O encaminhamento de expediente abrigando apenas o nome do mais votado em eleição com ao menos três candidatos não parece guardar sintonia com o modelo de investidura do Chefe do Ministério Público adotado pelo Constituinte. Afinal, como antes referido, cabe ao Governador do Estado escolher um dentre os três nomes encaminhados pelo Ministério Público Estadual, seja ele o mais votado, ou não. Este é o arranjo constitucional atualmente em vigor. Daí porque não está, por outro lado, o Governador (do ponto de vista jurídico) vinculado ao nome mais prestigiado, do ponto de vista do sucesso eleitoral, da lista tríplice. Pode constituir gesto de sabedoria política o indicar o nome mais votado. Mas incumbe à instituição compor a lista tríplice, constituindo atribuição do Chefe do Executivo escolher, livremente, o novo Procurador Geral de Justiça. Ficasse o Governador vinculado ao nome mais votado, e estaríamos em verdade desenhando outro modelo, no qual os eleitores da instituição escolhem o novo Chefe que o Governador, com poder decisório equivalente ao decorrente do exercício de função meramente protocolar, nomeia. Semelhante interpretação, do ponto de vista jurídico, não se concilia com as conseqüências do modelo presidencial adotado pela Constituição de l988.
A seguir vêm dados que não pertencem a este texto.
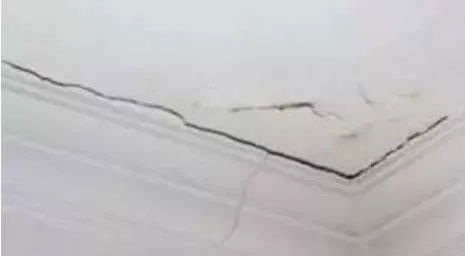 你家的吊頂是否安全？請務必引起重視！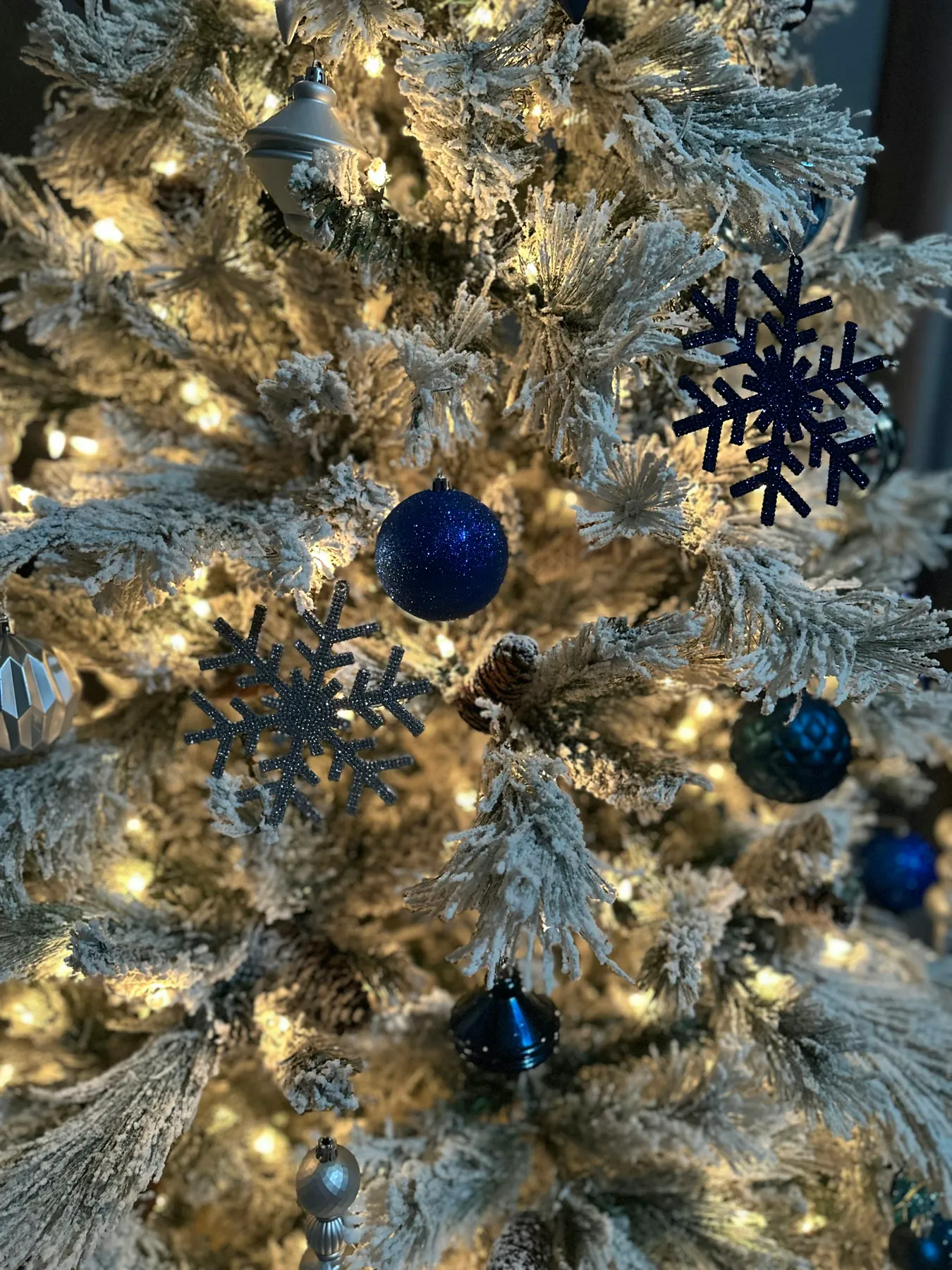 A white christmas tree with blue and silver ornaments - Free Photo on  Unsplash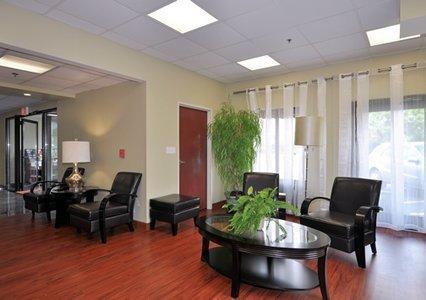 Отель Rodeway Inn & Suites O'Hare South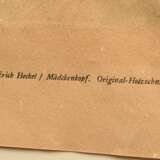 Heckel, Erich (1883-1970) „Mädchenkopf“ 1913, Holzschnitt, aus: "Genius. Zeitschrift für werdende und alte Kunst, München 1920", verso betit./bez., PM 26x17cm, BM 34,8x25,6cm (m.R. 58x47cm), verso Montagreste, … - Foto 5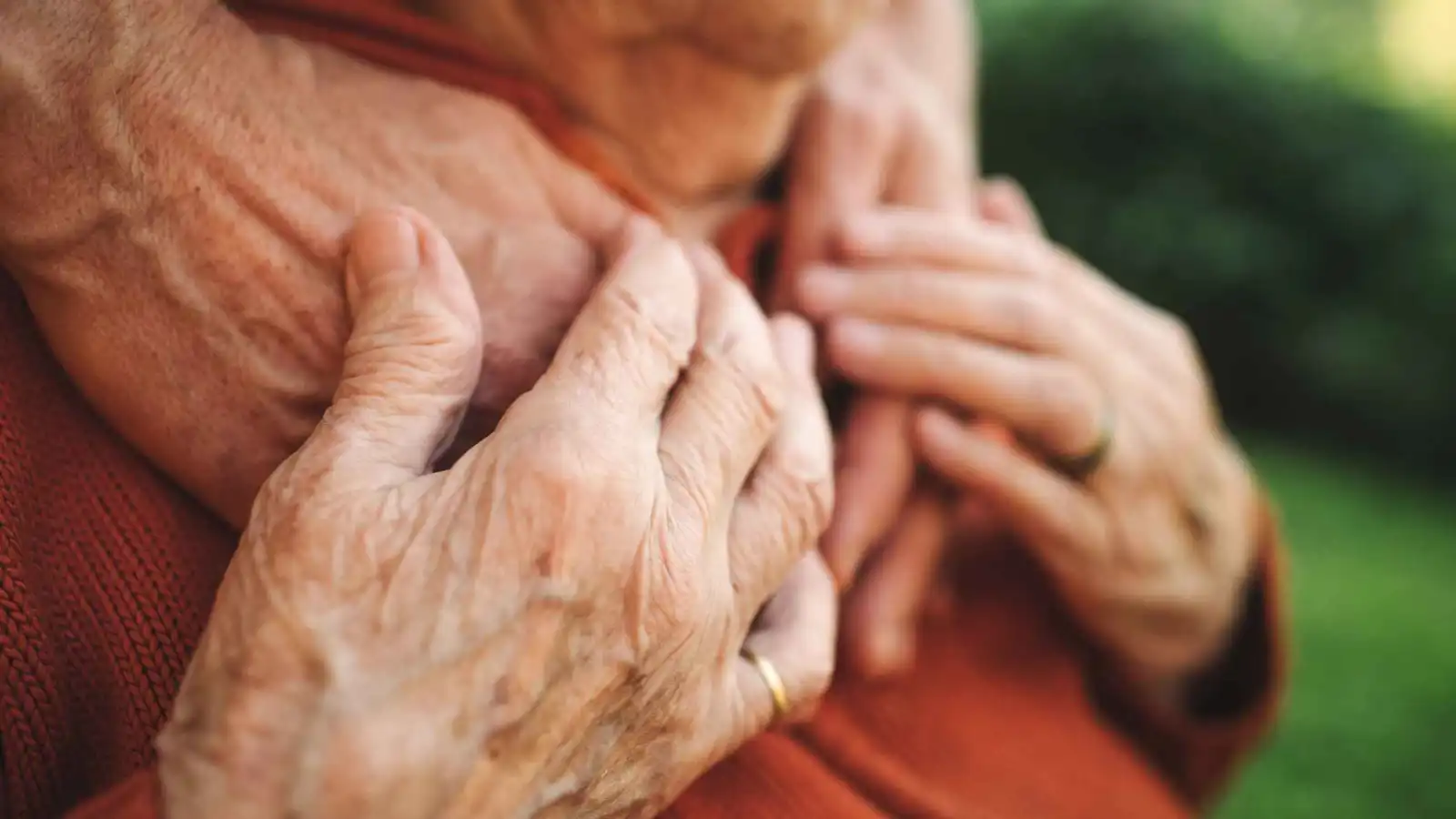 4 عادات بسيطة لشيخوخة بلا مشاكل صحية 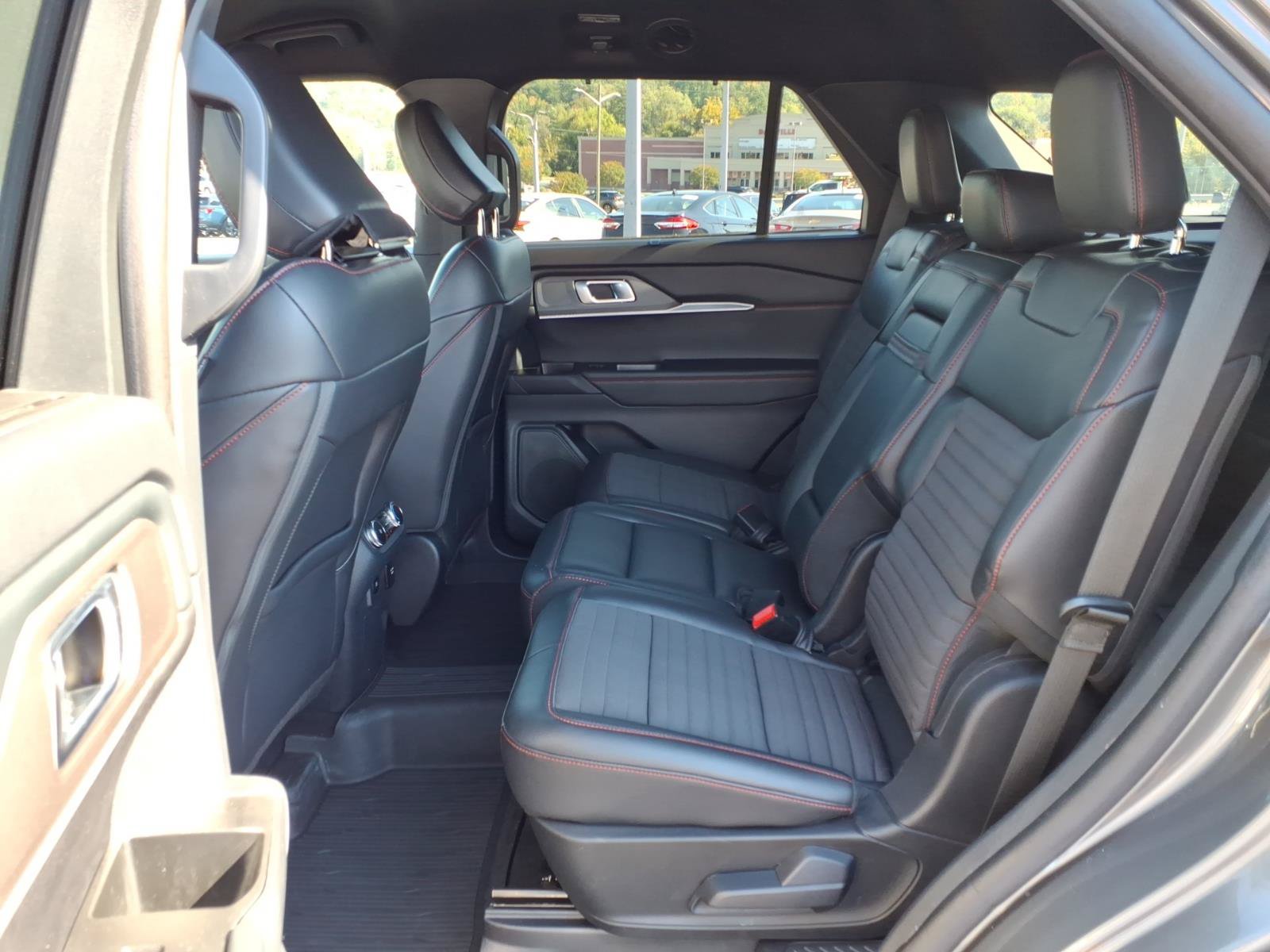 Certified 2025 Ford Explorer ST-Line w/ Premium Package AWD/4WD image 13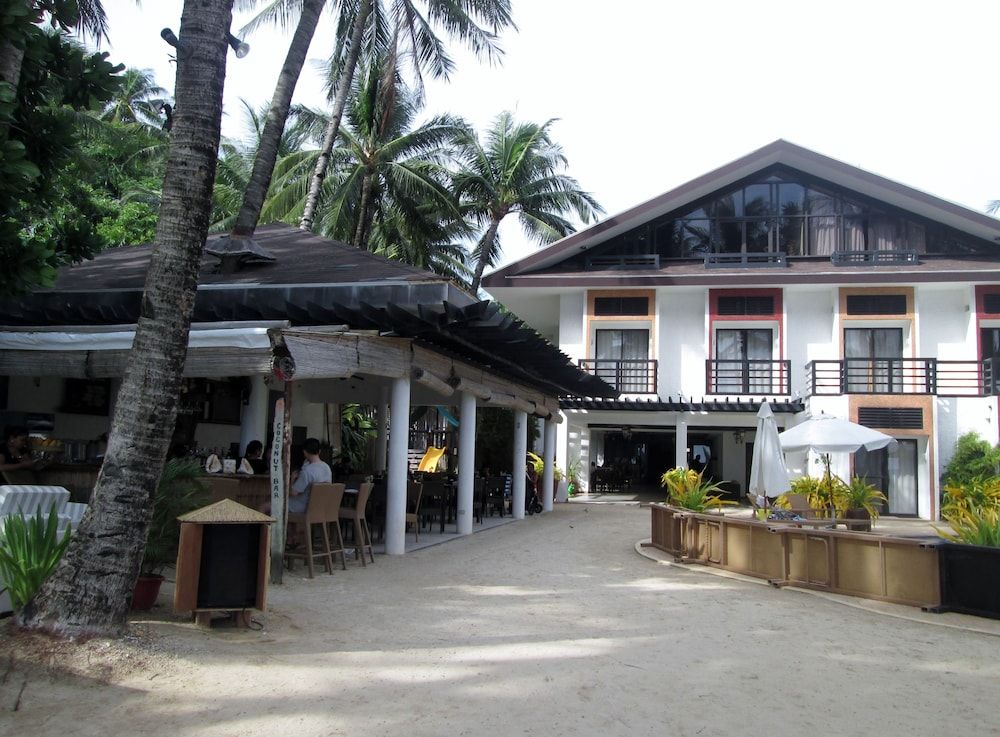 undefined Microtel by Wyndham Boracay 5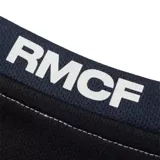 Camiseta de fútbol azul marino para niño, con cuello redondo y mangas cortas. Presenta el escudo del Real Madrid bordado en el pecho y detalles de líneas diagonales en el tejido.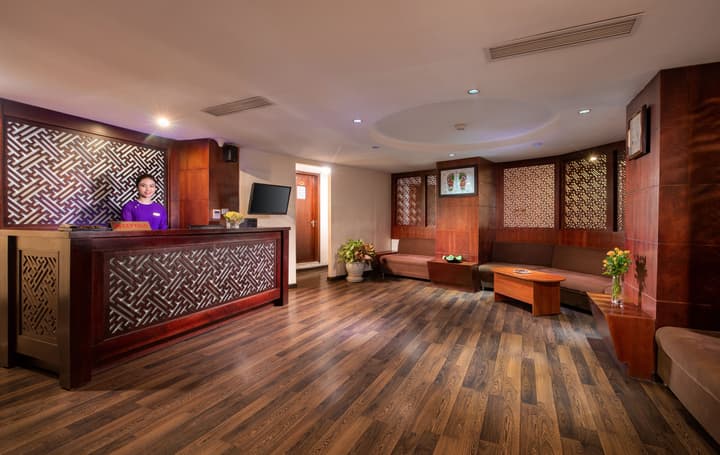 Nesta Hotel Ha Noi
A segunda hipótese requer certa dose de cuidado. Se, numa situação extraordinária, dentre os inúmeros membros da carreira, somente dois concorrem à formação da lista, manifesta-se impossibilidade fática de apresentação da lista tal como exigida pela normativa constitucional. Diante de um quadro assim, poder-se-ia adotar, a fim de se cumprir o ditame legal e enquanto medida extrema, uma lista dúplice a ser encaminhada ao Governador do Estado. Primeiro cumpre ressaltar ser indispensável a realização do processo eleitoral no seio da instituição ministerial, respeitando-se as diretivas legais para sua devida realização. Quanto a esta questão não deve haver divergência, pois a eleição pelos membros da carreira tem sido a bandeira levantada, inclusive, por aqueles que discordam da participação de órgãos externos no procedimento de investidura do Procurador Geral. Efetivando-se a eleição e daí resultando apenas dois nomes para a lista, a solução para esta situação incomum exigirá certa dose de cuidado.

Constitui dever indeclinável da instituição o desenvolvimento dos esforços indispensáveis para a satisfação da exigência constitucional, estimulando, inclusive, a pluralidade de postulações no processo eleitoral interno. É o que, em princípio, haverá de ocorrer. Até porque não é crível que, numa instituição composta, em geral, por centenas de membros, não se manifeste disputa para um cargo de singular importância. Certamente, salvo a hipótese de compressão das possibilidades de apresentação de candidaturas ou do ambiente favorável ao exercício da democracia interna, mais de três candidatos apresentar-se-iam. De qualquer forma, há que se considerar a hipótese outra. Neste caso, a diretiva constitucional de formação de lista tríplice esbarra na excepcionalidade da situação.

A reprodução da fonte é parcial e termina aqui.